EXERCISE GOAL:
Each line of the listing below should be restated word for word.

DATA TO PROCESS:
----------------------------------------

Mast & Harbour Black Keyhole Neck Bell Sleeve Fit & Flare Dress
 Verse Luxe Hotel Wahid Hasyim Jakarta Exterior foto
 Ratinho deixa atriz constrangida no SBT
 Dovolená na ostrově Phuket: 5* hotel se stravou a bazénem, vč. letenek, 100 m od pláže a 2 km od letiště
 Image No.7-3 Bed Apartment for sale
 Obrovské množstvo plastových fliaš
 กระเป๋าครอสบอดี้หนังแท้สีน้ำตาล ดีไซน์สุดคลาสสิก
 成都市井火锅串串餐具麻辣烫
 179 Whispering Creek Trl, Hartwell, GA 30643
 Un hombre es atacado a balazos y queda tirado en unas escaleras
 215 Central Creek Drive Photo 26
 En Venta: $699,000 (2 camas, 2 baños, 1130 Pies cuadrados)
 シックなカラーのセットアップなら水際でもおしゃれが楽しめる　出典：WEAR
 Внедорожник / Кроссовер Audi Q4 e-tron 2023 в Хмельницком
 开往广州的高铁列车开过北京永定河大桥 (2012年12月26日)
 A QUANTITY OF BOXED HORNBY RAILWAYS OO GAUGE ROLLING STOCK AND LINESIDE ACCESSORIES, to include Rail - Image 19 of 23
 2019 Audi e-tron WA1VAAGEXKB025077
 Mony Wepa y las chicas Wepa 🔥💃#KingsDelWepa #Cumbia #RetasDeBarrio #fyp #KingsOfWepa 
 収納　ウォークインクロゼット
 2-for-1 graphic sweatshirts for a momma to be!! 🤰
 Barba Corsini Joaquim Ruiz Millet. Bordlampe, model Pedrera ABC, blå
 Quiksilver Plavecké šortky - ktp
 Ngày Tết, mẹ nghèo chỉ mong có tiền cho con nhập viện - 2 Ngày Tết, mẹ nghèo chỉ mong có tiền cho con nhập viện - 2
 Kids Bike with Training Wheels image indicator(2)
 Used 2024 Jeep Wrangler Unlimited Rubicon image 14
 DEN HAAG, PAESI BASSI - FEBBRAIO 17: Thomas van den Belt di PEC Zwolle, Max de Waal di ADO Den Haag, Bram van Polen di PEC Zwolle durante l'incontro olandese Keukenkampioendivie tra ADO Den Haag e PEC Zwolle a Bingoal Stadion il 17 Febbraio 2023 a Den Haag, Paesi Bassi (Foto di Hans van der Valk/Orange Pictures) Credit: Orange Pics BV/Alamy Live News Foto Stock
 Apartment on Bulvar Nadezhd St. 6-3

----------------------------------------

ANSWER:
Mast & Harbour Black Keyhole Neck Bell Sleeve Fit & Flare Dress
 Verse Luxe Hotel Wahid Hasyim Jakarta Exterior foto
 Ratinho deixa atriz constrangida no SBT
 Dovolená na ostrově Phuket: 5* hotel se stravou a bazénem, vč. letenek, 100 m od pláže a 2 km od letiště
 Image No.7-3 Bed Apartment for sale
 Obrovské množstvo plastových fliaš
 กระเป๋าครอสบอดี้หนังแท้สีน้ำตาล ดีไซน์สุดคลาสสิก
 成都市井火锅串串餐具麻辣烫
 179 Whispering Creek Trl, Hartwell, GA 30643
 Un hombre es atacado a balazos y queda tirado en unas escaleras
 215 Central Creek Drive Photo 26
 En Venta: $699,000 (2 camas, 2 baños, 1130 Pies cuadrados)
 シックなカラーのセットアップなら水際でもおしゃれが楽しめる　出典：WEAR
 Внедорожник / Кроссовер Audi Q4 e-tron 2023 в Хмельницком
 开往广州的高铁列车开过北京永定河大桥 (2012年12月26日)
 A QUANTITY OF BOXED HORNBY RAILWAYS OO GAUGE ROLLING STOCK AND LINESIDE ACCESSORIES, to include Rail - Image 19 of 23
 2019 Audi e-tron WA1VAAGEXKB025077
 Mony Wepa y las chicas Wepa 🔥💃#KingsDelWepa #Cumbia #RetasDeBarrio #fyp #KingsOfWepa 
 収納　ウォークインクロゼット
 2-for-1 graphic sweatshirts for a momma to be!! 🤰
 Barba Corsini Joaquim Ruiz Millet. Bordlampe, model Pedrera ABC, blå
 Quiksilver Plavecké šortky - ktp
 Ngày Tết, mẹ nghèo chỉ mong có tiền cho con nhập viện - 2 Ngày Tết, mẹ nghèo chỉ mong có tiền cho con nhập viện - 2
 Kids Bike with Training Wheels image indicator(2)
 Used 2024 Jeep Wrangler Unlimited Rubicon image 14
 DEN HAAG, PAESI BASSI - FEBBRAIO 17: Thomas van den Belt di PEC Zwolle, Max de Waal di ADO Den Haag, Bram van Polen di PEC Zwolle durante l'incontro olandese Keukenkampioendivie tra ADO Den Haag e PEC Zwolle a Bingoal Stadion il 17 Febbraio 2023 a Den Haag, Paesi Bassi (Foto di Hans van der Valk/Orange Pictures) Credit: Orange Pics BV/Alamy Live News Foto Stock
 Apartment on Bulvar Nadezhd St. 6-3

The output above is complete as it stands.